→ **WHAT YOU WILL DO**:
Copy out each record that follows exactly, and omit any picture you find.

Source records:

★ ★ ★ ★ ★ ★ ★

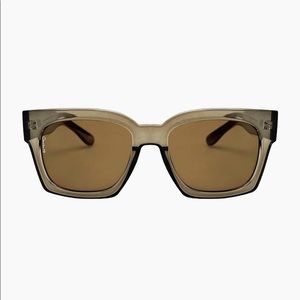 Otra Alba Sunglasses in Light Mocha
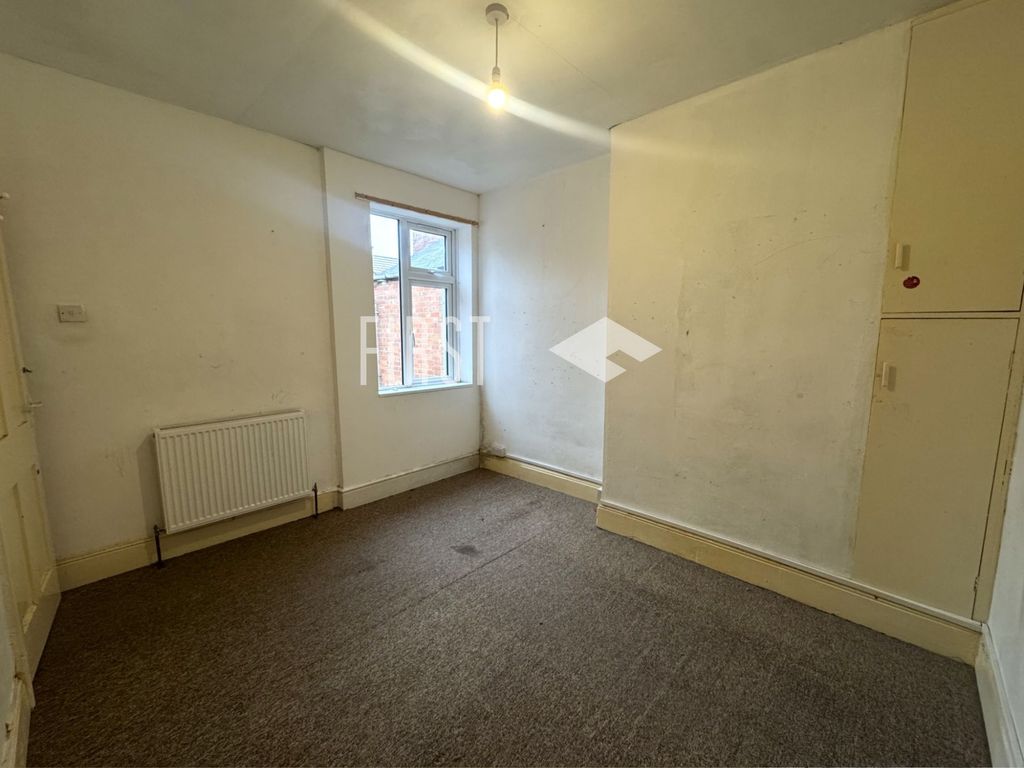 Property photo 3 of 8 Photo 7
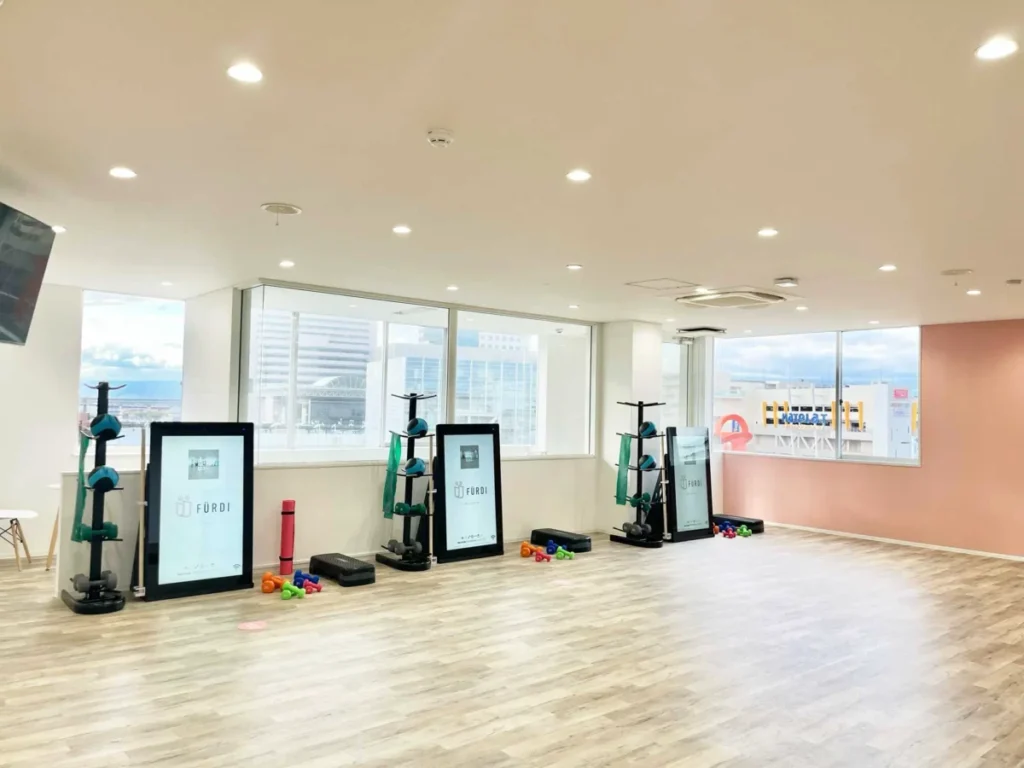 ファディー南海堺店のジム内スペース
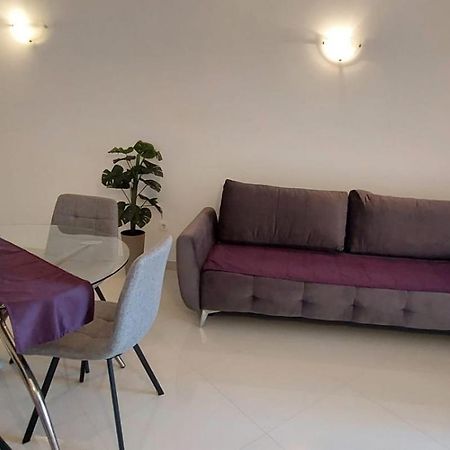 Apartments Mestral Baška Voda Eksteriør billede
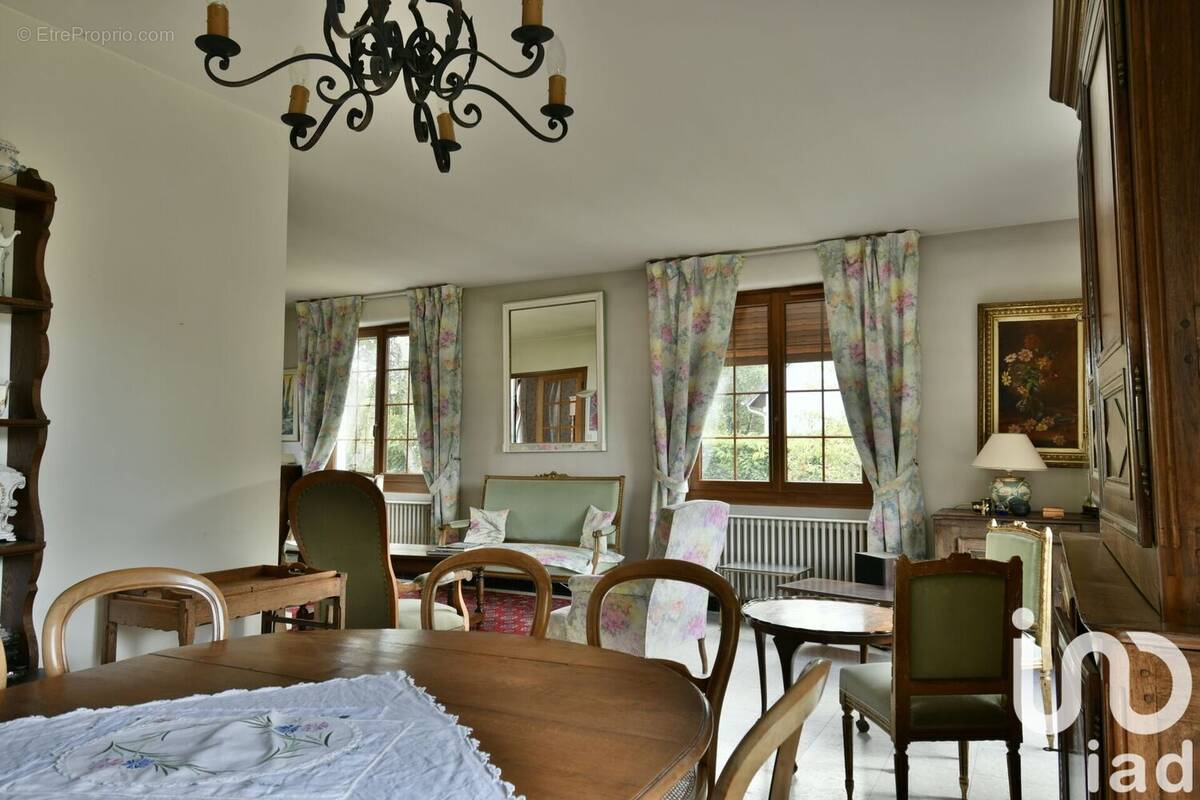 Photo 1 - Maison à BRETEUIL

★ ★ ★ ★ ★ ★ ★

→ **ANSWER BOX**:
 Otra Alba Sunglasses in Light Mocha
 Property photo 3 of 8 Photo 7
 ファディー南海堺店のジム内スペース
 Apartments Mestral Baška Voda Eksteriør billede
 Photo 1 - Maison à BRETEUIL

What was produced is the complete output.